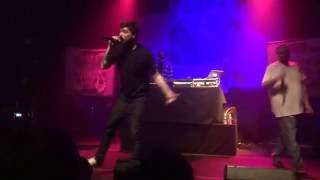 Aesop Rock &quot;Zero Dark Thirty&quot; (Live @ Gramercy Theatre, New York, New York)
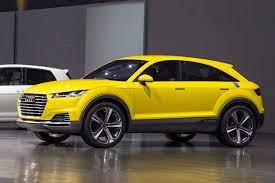 Audi Outlines Production Plans For Q8 Q4 Suvs Audi Tt Audi Q4 Audi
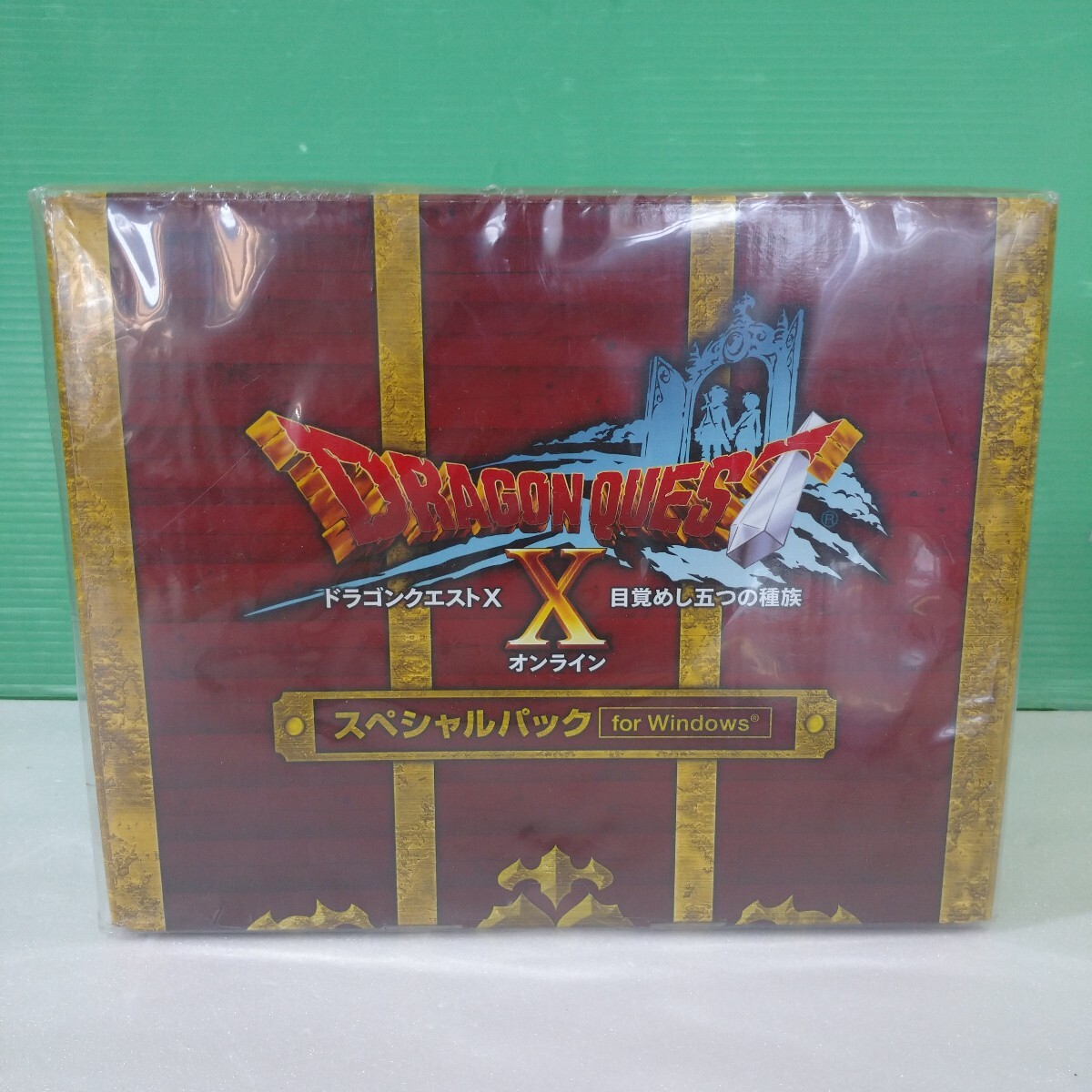 【新品未使用】ドラゴンクエストXスペシャルパック Yahoo!オークション -「ドラゴンクエストx」(ドラゴンクエスト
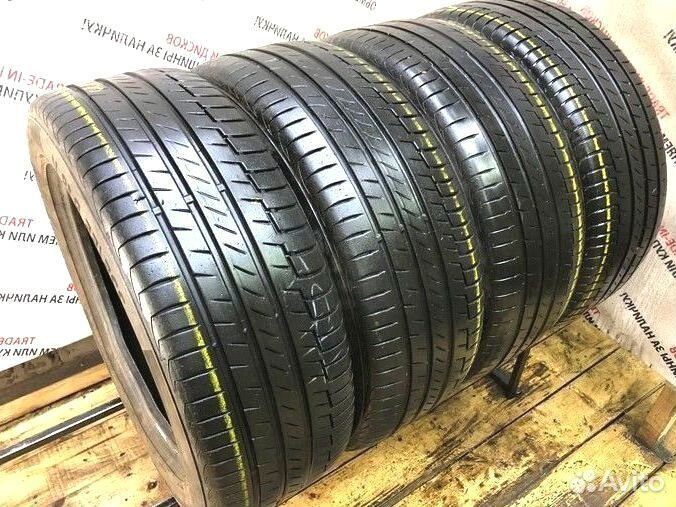 Continental PremiumContact 6 225/55 R18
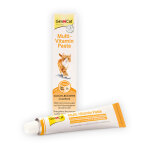 50g gimcat pâte multivitaminée - pour chat 50g gimcat pâte multivitaminée - pour chat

++++++++++++++++++++

- _YOUR ASSIGNMENT_:
Set the pictures aside and reproduce the data above exactly.

- _ANSWER FOR THIS EXERCISE_:
 Aesop Rock &quot;Zero Dark Thirty&quot; (Live @ Gramercy Theatre, New York, New York)
 Audi Outlines Production Plans For Q8 Q4 Suvs Audi Tt Audi Q4 Audi
 【新品未使用】ドラゴンクエストXスペシャルパック Yahoo!オークション -「ドラゴンクエストx」(ドラゴンクエスト
 Continental PremiumContact 6 225/55 R18
 50g gimcat pâte multivitaminée - pour chat 50g gimcat pâte multivitaminée - pour chat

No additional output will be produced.